Exercise prompt » Read through the records. Copy each line that has the word "Human".

Caption-style text data »
========
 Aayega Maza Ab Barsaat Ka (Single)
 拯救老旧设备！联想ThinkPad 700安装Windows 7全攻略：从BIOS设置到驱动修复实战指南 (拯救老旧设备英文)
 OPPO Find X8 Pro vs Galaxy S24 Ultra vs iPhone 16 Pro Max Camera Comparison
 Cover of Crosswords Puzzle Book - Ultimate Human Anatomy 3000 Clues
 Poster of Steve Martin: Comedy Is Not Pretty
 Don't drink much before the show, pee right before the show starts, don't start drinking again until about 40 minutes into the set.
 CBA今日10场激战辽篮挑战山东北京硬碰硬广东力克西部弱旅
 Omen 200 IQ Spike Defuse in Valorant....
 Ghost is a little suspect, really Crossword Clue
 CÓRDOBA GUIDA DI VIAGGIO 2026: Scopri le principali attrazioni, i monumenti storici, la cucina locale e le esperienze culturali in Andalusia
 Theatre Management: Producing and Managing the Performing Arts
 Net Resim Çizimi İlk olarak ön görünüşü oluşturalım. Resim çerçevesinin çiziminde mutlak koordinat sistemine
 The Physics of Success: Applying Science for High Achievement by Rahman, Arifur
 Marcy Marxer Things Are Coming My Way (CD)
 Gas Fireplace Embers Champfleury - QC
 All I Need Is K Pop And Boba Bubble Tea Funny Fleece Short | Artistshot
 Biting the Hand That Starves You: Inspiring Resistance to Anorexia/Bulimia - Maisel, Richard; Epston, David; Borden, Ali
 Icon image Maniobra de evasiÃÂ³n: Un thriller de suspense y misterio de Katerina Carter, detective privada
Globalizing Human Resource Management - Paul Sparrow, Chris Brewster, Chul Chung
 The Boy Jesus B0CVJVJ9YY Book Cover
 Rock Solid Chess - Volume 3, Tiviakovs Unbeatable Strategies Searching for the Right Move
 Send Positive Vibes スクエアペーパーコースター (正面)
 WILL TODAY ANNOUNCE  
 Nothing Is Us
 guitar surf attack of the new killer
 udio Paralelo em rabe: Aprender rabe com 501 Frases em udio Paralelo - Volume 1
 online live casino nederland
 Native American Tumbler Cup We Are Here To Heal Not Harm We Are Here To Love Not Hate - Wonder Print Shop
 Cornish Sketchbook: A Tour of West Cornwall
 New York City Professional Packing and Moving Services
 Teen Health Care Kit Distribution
========
The answer »
 Cover of Crosswords Puzzle Book - Ultimate Human Anatomy 3000 Clues
Globalizing Human Resource Management - Paul Sparrow, Chris Brewster, Chul Chung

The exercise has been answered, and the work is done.